Scan the entries below for the word "Apartments" and copy every line where it turns up.

§ **Available records**:
+---+
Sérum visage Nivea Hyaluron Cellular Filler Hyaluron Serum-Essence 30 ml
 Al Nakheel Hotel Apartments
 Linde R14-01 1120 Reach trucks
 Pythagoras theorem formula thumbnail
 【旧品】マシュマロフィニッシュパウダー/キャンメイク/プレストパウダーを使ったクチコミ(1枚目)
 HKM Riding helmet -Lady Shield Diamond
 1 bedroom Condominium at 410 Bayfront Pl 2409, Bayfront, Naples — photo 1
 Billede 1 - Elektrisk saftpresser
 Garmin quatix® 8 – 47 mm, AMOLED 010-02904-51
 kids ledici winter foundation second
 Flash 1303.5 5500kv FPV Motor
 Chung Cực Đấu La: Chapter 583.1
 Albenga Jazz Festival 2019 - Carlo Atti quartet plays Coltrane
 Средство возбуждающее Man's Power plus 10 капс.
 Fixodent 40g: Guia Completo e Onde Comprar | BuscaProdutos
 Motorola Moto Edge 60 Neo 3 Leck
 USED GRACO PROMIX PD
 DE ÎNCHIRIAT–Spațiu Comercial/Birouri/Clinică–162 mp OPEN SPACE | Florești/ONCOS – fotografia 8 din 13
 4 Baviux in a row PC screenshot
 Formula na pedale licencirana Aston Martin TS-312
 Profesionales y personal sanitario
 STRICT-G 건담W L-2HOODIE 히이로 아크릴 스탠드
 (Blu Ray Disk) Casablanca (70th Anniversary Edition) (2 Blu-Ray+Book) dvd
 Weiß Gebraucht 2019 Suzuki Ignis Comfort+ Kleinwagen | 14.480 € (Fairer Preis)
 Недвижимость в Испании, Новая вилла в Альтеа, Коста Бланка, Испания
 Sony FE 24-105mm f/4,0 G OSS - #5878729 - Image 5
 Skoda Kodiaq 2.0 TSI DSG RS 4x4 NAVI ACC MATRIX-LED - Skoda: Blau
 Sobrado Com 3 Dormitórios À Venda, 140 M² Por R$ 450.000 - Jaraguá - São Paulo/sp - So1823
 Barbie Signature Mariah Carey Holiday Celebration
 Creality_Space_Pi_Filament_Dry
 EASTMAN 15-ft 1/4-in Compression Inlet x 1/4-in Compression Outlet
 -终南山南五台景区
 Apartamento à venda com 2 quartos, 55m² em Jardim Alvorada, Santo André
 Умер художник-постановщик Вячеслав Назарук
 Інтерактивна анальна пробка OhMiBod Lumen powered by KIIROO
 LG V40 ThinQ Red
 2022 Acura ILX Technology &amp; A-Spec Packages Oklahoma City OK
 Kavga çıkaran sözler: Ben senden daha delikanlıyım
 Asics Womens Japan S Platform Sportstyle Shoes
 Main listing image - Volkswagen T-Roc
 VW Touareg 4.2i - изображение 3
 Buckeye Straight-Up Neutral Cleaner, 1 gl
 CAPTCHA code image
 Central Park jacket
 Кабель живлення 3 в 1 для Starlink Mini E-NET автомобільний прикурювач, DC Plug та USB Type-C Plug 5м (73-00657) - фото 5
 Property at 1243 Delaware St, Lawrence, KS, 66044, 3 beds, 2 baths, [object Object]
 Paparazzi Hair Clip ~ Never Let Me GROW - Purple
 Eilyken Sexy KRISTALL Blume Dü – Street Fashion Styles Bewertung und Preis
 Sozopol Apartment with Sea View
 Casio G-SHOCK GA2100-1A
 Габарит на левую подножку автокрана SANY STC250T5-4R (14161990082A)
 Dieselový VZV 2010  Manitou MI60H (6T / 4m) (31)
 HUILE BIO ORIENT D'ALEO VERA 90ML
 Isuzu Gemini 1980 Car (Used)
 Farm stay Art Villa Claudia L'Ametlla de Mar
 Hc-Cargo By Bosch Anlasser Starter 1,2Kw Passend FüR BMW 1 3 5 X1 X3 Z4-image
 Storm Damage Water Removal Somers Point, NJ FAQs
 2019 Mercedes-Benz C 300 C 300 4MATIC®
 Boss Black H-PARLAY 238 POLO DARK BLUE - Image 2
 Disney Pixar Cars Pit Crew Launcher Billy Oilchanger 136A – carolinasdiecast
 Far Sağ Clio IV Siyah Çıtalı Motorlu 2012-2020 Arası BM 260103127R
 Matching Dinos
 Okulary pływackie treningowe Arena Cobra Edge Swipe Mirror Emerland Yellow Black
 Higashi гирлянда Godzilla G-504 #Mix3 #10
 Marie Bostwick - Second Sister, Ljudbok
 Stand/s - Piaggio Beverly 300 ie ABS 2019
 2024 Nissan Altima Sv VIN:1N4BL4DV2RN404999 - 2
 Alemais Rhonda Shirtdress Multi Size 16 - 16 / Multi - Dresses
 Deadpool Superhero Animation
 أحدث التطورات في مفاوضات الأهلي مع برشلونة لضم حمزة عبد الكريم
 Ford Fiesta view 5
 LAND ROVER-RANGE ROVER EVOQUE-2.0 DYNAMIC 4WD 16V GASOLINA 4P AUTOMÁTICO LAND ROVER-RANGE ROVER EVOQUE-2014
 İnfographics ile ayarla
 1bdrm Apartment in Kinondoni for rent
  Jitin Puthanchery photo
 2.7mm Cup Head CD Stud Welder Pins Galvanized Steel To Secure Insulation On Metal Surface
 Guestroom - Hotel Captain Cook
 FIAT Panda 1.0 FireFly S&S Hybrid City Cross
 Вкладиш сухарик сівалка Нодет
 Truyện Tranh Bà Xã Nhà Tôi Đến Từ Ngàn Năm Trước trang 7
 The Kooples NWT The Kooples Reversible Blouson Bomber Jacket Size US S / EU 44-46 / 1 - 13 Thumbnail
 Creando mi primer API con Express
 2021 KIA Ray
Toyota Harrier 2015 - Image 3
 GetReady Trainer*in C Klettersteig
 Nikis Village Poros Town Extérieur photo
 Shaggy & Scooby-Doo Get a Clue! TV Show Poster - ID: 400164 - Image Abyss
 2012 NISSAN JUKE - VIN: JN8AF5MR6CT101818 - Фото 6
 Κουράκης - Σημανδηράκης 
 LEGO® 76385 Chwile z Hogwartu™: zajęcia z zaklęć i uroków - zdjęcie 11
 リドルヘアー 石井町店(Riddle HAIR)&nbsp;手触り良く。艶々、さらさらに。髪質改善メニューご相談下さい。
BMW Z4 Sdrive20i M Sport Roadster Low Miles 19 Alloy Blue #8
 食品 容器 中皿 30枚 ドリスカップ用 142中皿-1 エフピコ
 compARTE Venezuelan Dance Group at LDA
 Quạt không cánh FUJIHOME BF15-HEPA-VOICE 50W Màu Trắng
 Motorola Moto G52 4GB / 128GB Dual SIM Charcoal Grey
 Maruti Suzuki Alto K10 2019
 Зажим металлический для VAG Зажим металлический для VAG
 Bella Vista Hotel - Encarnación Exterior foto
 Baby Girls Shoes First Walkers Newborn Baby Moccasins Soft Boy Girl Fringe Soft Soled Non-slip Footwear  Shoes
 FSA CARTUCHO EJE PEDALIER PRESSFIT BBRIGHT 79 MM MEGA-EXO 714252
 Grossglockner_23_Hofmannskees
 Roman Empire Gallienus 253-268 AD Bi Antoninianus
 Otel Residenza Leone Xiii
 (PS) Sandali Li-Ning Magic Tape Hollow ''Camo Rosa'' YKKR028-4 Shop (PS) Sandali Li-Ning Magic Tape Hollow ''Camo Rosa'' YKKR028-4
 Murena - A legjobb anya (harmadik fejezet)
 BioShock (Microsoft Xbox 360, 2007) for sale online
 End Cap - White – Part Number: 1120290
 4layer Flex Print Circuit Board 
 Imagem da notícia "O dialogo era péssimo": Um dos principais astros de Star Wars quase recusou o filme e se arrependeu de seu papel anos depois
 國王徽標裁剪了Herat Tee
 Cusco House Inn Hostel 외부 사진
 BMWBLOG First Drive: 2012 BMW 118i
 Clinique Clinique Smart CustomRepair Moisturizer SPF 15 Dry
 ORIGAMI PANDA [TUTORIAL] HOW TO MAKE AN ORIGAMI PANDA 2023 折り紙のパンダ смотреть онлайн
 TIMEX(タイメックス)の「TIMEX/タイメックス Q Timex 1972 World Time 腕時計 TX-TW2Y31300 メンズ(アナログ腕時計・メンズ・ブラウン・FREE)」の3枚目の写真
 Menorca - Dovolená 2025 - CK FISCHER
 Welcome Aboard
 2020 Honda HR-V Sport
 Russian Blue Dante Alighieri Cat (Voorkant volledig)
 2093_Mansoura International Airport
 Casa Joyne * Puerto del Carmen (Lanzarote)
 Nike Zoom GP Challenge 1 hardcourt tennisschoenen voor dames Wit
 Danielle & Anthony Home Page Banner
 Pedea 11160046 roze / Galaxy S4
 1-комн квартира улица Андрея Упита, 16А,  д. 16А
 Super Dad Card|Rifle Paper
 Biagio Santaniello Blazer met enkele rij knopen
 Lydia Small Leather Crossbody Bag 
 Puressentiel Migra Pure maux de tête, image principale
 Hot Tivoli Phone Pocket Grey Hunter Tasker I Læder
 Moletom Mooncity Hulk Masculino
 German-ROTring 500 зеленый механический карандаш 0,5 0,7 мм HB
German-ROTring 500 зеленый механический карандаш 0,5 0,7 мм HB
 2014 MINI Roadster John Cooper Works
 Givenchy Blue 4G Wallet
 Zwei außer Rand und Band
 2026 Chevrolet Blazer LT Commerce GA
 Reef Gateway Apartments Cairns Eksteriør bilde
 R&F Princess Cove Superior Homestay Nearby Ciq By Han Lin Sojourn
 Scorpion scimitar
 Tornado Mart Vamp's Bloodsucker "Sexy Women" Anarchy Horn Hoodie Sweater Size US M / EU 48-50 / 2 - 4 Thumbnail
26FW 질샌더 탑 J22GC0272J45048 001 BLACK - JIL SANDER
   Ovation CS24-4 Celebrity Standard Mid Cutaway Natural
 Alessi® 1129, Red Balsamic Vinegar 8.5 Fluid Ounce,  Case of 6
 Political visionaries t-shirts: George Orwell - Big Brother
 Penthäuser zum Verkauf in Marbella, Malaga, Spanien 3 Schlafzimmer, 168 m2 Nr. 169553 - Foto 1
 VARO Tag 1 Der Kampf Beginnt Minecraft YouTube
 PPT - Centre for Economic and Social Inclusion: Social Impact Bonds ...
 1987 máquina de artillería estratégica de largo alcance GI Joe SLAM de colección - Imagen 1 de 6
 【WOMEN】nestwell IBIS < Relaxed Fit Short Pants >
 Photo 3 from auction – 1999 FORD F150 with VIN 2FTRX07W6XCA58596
+---+
§ **Written reply**:
 Al Nakheel Hotel Apartments
 Reef Gateway Apartments Cairns Eksteriør bilde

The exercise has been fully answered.